The London and Boston bombings whilst similar are seven years apart and are not a like for like comparison. However, several significant learning points to improve future practice can be gained from the critical analysis of these two incidents. The benefits of early pre-notification to receiving hospitals is clear, as this is critical in enacting MCI protocols and plans. Surge capacity is a key factor in how hospitals manage MCIs, and the earlier operating theatres and beds can be made available the better flow through the emergency department will be. Communication with hospitals is also vital to establish which patients should be transported where, in order to not simply move a disaster from an area to the ED.
The Boston marathon bombings demonstrate how high-risk events that have detailed and comprehensive plans with adequate resources are able to respond competently and quickly to the event of an incident. The prior assembling of medical teams, the Alpha Medical Tent and access to ambulances on site for transfer demonstrated some key takeaways for MCI preparation. The London bombings and the use of the Gold–silver–bronze command framework provides an example of how a clear and structured MCI plan can assist emergency services and hospitals to smoothly swing into dealing with a MCIs.

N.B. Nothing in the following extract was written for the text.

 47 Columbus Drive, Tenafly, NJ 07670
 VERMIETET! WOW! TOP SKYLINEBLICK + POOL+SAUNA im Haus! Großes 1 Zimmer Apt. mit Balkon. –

The issues around communication and the use of mobile phones and their networks by emergency services was highlighted in both Boston and London. The use of radios is standard practice across EMS and other services, however particularly with the advances in technology and versatility of smart phones, hence there is an argument to provide EMS and other services in the field with access to mobile phones that can operate separate to public mobile networks. Particularly when using something such as the Gold–silver–bronze command framework which requires commanders at each level to be able to communicate quickly and easily.
Comparing and critically analysing the response of EMS to similar but different MCI provides key learning points for future practice. Preparation and a clear structured framework are critical to facilitate the best outcomes and to continue to develop and improve best practice.